→ Work task
The material below holds pictures, which are to be left out; copy exactly the lines from the one with "Erstmals seit 2014" through the one with "photo 8 of 47".

→ Material provided
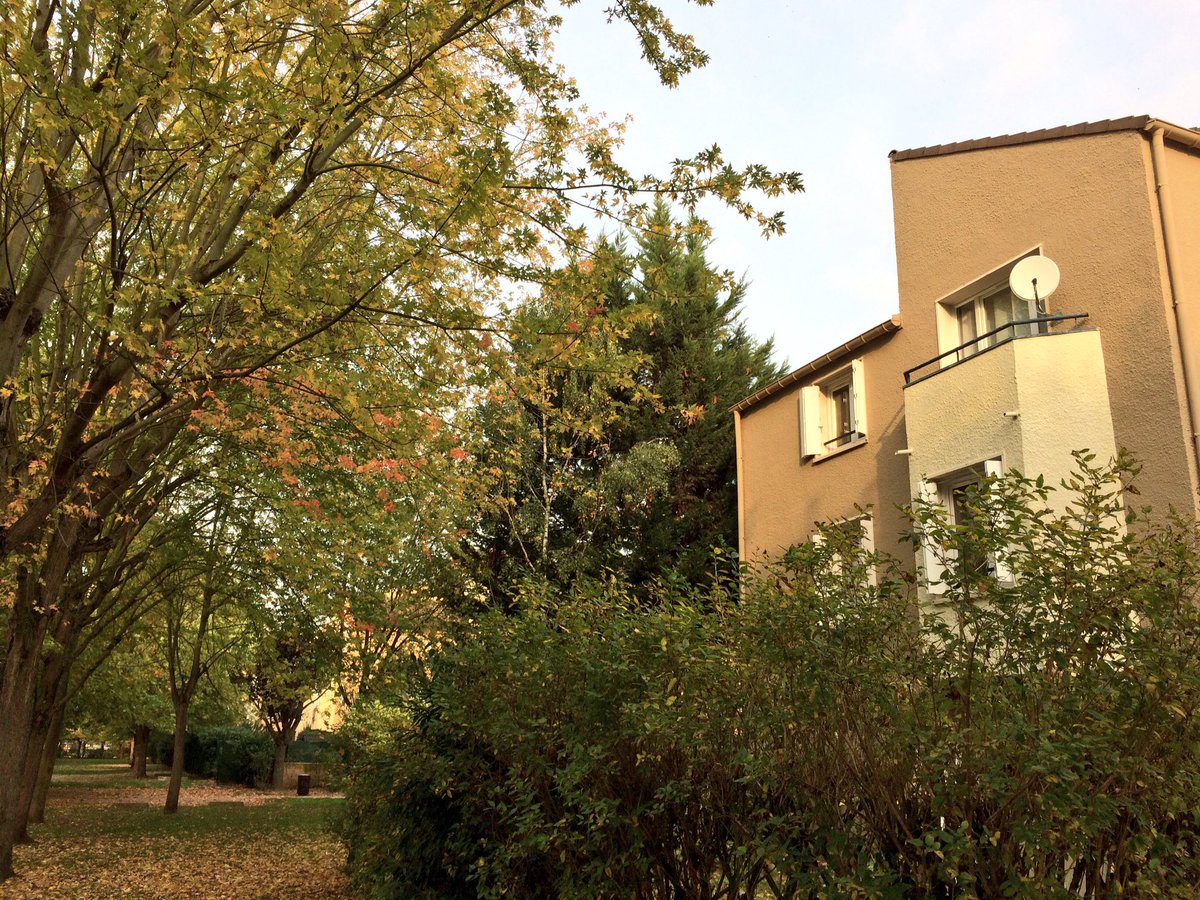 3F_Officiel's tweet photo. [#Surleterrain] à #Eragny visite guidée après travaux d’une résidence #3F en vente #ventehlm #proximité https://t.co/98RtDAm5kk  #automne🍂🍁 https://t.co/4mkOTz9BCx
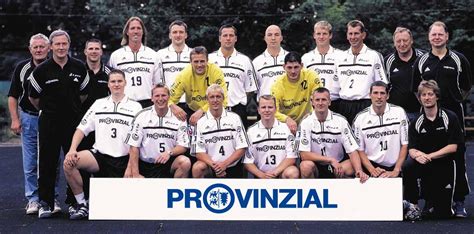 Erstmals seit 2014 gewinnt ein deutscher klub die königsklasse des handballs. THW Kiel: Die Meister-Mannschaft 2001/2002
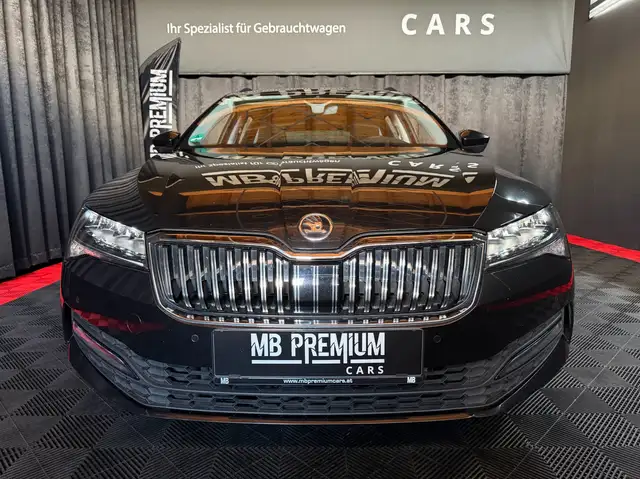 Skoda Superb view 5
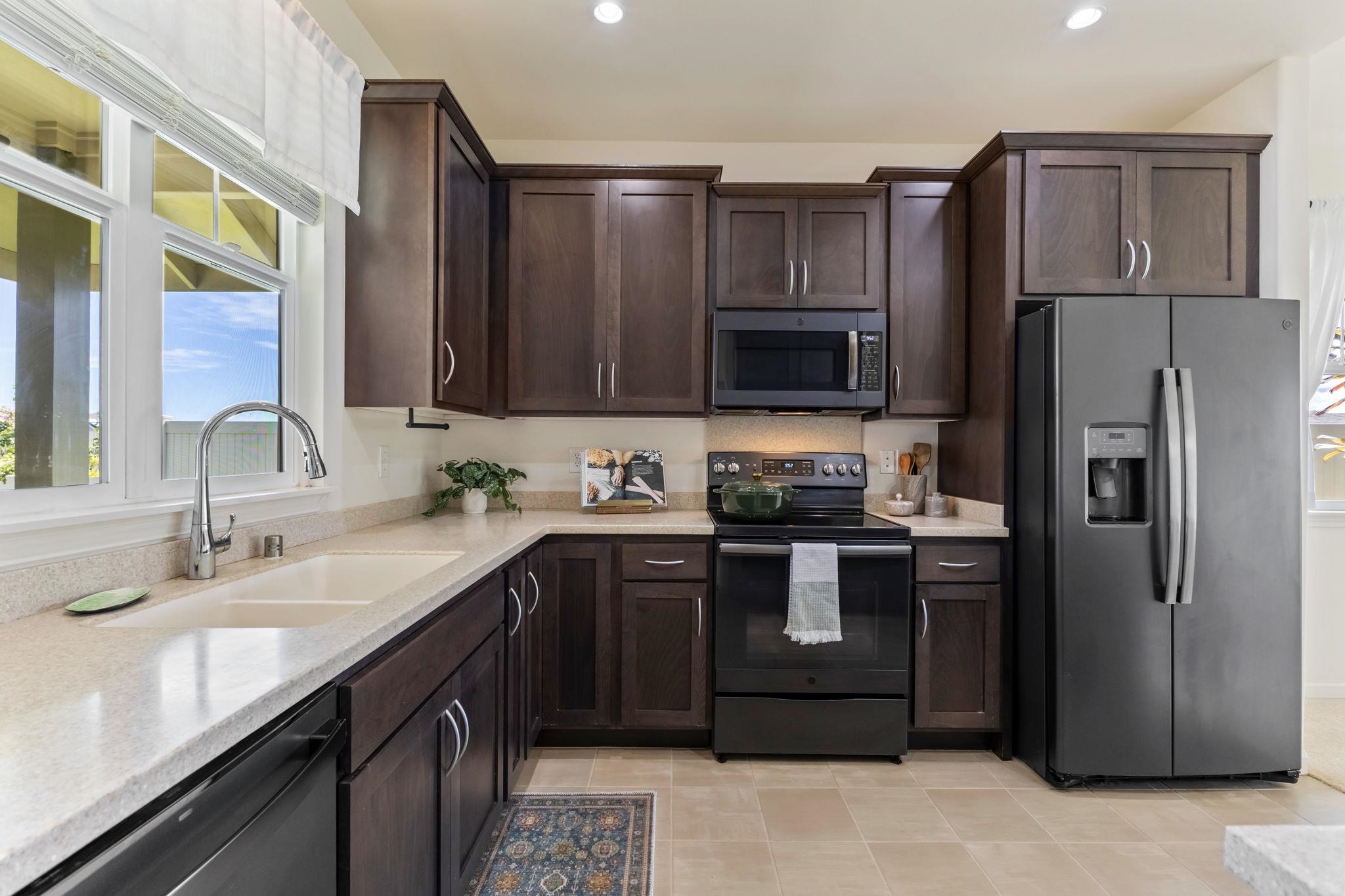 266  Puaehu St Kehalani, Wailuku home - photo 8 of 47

---

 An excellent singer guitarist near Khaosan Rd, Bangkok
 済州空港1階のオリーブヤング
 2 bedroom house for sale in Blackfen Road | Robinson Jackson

→ Your solution
 Erstmals seit 2014 gewinnt ein deutscher klub die königsklasse des handballs. THW Kiel: Die Meister-Mannschaft 2001/2002
 Skoda Superb view 5
 266  Puaehu St Kehalani, Wailuku home - photo 8 of 47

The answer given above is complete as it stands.